1433 East 33rd Street
Cleveland, Ohio 44114
Historical Name: Saint Josaphat Parish Church
Architect: Unknown; A. F. Wasielewski Co. Contractor
Design Consultant: Frank Piccirillo, City of Cleveland Storefront Renovation Program
Construction Dates: 1915
Date of Closure: 1998
Date of Reuse: 2005
In 2002, Alenka Banco and Nick Tadic purchased St. Josaphat and rehabbed it as a community center focused on the arts with a hall for social events, concerts and weddings; an art gallery and studio-workshop spaces. The rectory and convent have been taken over, respectively, by Banco and Tadic for their businesses. They both had grown up in this area and approached the Cleveland Catholic Diocese about acquiring the building when it became available. When acquired, the building was badly deteriorated. A new roof, including fascia, gutters and downspouts; exterior repairs and resurfacing of the concrete front steps; replacement of the front doors and hardware, new landscaping, lighting and a parking area were essential initial projects, along with a new boiler, toilet rooms and window insulation. The water damaged ceiling was repaired and repainted, woodwork repaired and the maple wood floors refinished. The challenge was to reuse a sacred landmark in a marginal, inner-city neighborhood as a viable commercial and arts center.

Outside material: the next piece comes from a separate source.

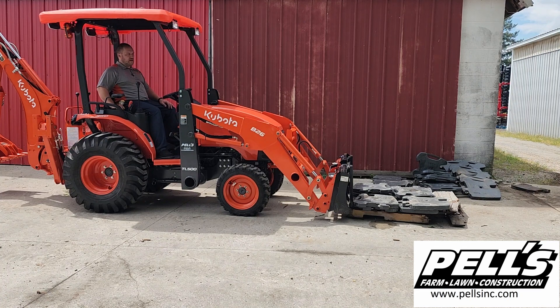This is Matt from PELS. Today we're going to be showing how much we can lift with the B-26. We're starting with a weight of 1,215 pounds to see if that will go full height, and then we'll stack on from there. Because this is a TLB unit, we've got the backhoe on there for counterweight, and we'll be running it at full RPM to get full hydraulic power.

Funding for the complex was accomplished with the help of the diocese, which provided a lease-purchase contract for $185,000. The diocese holds 75% of the mortgage. This relieved the buyers of the need for a bank loan to buy the property and has allowed them to focus on the estimated $500,000 needed for rehabilitation. Josaphat Arts Hall / Convivium 33 Gallery has transformed an abandoned eyesore into a center of activity that draws customers from throughout the Northeast Ohio region and has returned a sense of pride to the neighborhood.
The Saint Josaphat Parish dates its origins to 1908, serving a growing number of Polish immigrants in the St. Clair –Superior neighborhood of central Cleveland. The church was constructed in 1915 and two adjacent buildings, a rectory and a convent, provided support for the local community’s spiritual needs. A wind storm in 1938 caused serious damage which strained the parish finances. In the post-WWII years, the neighborhood saw a significant out-migration as more and more residents left for the suburbs. In 1998 it was closed and desanctified. It remained vacant for the next several years, its fabric continuing to deteriorate.